• WORK TO BE COMPLETED: Look below for the line containing "TOUGH MASTER TM-PS2" and the line containing "Columbia Columbia Women's", then set down both and every line between them exactly, without pictures.

• SOURCE DATA:
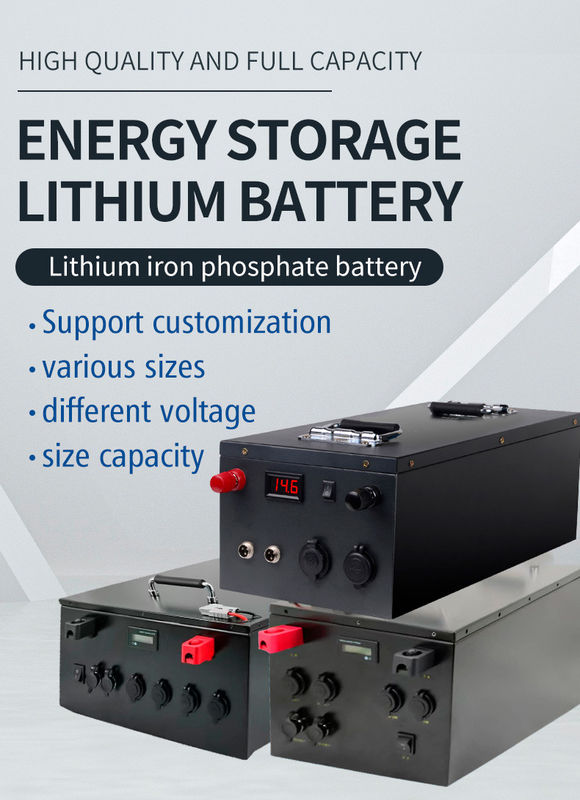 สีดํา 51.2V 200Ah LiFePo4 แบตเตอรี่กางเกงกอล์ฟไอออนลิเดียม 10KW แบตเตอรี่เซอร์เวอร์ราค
--
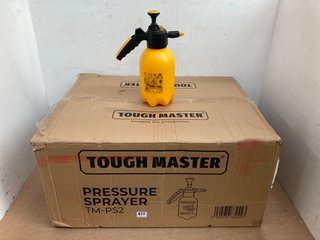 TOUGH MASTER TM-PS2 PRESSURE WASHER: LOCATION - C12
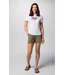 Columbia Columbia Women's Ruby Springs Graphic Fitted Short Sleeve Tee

• WORKED SOLUTION:
 TOUGH MASTER TM-PS2 PRESSURE WASHER: LOCATION - C12
 Columbia Columbia Women's Ruby Springs Graphic Fitted Short Sleeve Tee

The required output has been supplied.